** Recorded information **

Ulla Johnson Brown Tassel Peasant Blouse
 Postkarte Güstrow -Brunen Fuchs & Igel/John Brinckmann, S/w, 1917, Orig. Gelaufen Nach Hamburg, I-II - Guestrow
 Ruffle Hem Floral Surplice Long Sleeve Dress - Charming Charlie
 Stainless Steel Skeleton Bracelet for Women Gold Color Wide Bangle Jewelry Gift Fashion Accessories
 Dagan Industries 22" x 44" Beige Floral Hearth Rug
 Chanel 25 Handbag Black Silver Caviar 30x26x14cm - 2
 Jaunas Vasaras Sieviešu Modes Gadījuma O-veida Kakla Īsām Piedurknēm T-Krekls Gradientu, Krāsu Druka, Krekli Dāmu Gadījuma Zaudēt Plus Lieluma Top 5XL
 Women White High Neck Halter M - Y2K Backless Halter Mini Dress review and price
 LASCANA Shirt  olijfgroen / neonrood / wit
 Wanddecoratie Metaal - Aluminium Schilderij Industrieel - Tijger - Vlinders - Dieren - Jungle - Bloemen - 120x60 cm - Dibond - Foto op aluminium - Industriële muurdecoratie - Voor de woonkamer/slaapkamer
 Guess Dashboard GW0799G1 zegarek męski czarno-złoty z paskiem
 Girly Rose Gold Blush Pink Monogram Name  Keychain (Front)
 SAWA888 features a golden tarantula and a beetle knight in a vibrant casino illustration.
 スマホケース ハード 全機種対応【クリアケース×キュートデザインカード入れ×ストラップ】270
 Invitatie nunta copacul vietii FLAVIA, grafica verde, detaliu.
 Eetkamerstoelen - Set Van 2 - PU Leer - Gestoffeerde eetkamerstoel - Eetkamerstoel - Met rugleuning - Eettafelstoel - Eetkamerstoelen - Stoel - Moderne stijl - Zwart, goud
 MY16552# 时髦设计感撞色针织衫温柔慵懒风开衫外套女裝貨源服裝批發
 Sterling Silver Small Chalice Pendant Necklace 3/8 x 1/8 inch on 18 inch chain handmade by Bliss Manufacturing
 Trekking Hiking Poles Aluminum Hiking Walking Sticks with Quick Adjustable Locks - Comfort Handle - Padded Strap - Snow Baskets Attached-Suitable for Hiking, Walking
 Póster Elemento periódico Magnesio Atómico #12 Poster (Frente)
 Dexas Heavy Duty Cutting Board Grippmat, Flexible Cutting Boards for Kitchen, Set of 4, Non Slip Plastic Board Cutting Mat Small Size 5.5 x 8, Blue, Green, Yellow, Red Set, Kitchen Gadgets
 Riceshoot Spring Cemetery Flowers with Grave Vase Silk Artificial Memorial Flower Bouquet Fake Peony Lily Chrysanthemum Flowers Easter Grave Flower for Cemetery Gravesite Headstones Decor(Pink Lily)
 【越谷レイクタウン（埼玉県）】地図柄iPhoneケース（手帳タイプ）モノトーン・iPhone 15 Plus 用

** Assigned task **
When you retype the entries above, keep every line identical to the source.

** Your response **
Ulla Johnson Brown Tassel Peasant Blouse
 Postkarte Güstrow -Brunen Fuchs & Igel/John Brinckmann, S/w, 1917, Orig. Gelaufen Nach Hamburg, I-II - Guestrow
 Ruffle Hem Floral Surplice Long Sleeve Dress - Charming Charlie
 Stainless Steel Skeleton Bracelet for Women Gold Color Wide Bangle Jewelry Gift Fashion Accessories
 Dagan Industries 22" x 44" Beige Floral Hearth Rug
 Chanel 25 Handbag Black Silver Caviar 30x26x14cm - 2
 Jaunas Vasaras Sieviešu Modes Gadījuma O-veida Kakla Īsām Piedurknēm T-Krekls Gradientu, Krāsu Druka, Krekli Dāmu Gadījuma Zaudēt Plus Lieluma Top 5XL
 Women White High Neck Halter M - Y2K Backless Halter Mini Dress review and price
 LASCANA Shirt  olijfgroen / neonrood / wit
 Wanddecoratie Metaal - Aluminium Schilderij Industrieel - Tijger - Vlinders - Dieren - Jungle - Bloemen - 120x60 cm - Dibond - Foto op aluminium - Industriële muurdecoratie - Voor de woonkamer/slaapkamer
 Guess Dashboard GW0799G1 zegarek męski czarno-złoty z paskiem
 Girly Rose Gold Blush Pink Monogram Name  Keychain (Front)
 SAWA888 features a golden tarantula and a beetle knight in a vibrant casino illustration.
 スマホケース ハード 全機種対応【クリアケース×キュートデザインカード入れ×ストラップ】270
 Invitatie nunta copacul vietii FLAVIA, grafica verde, detaliu.
 Eetkamerstoelen - Set Van 2 - PU Leer - Gestoffeerde eetkamerstoel - Eetkamerstoel - Met rugleuning - Eettafelstoel - Eetkamerstoelen - Stoel - Moderne stijl - Zwart, goud
 MY16552# 时髦设计感撞色针织衫温柔慵懒风开衫外套女裝貨源服裝批發
 Sterling Silver Small Chalice Pendant Necklace 3/8 x 1/8 inch on 18 inch chain handmade by Bliss Manufacturing
 Trekking Hiking Poles Aluminum Hiking Walking Sticks with Quick Adjustable Locks - Comfort Handle - Padded Strap - Snow Baskets Attached-Suitable for Hiking, Walking
 Póster Elemento periódico Magnesio Atómico #12 Poster (Frente)
 Dexas Heavy Duty Cutting Board Grippmat, Flexible Cutting Boards for Kitchen, Set of 4, Non Slip Plastic Board Cutting Mat Small Size 5.5 x 8, Blue, Green, Yellow, Red Set, Kitchen Gadgets
 Riceshoot Spring Cemetery Flowers with Grave Vase Silk Artificial Memorial Flower Bouquet Fake Peony Lily Chrysanthemum Flowers Easter Grave Flower for Cemetery Gravesite Headstones Decor(Pink Lily)
 【越谷レイクタウン（埼玉県）】地図柄iPhoneケース（手帳タイプ）モノトーン・iPhone 15 Plus 用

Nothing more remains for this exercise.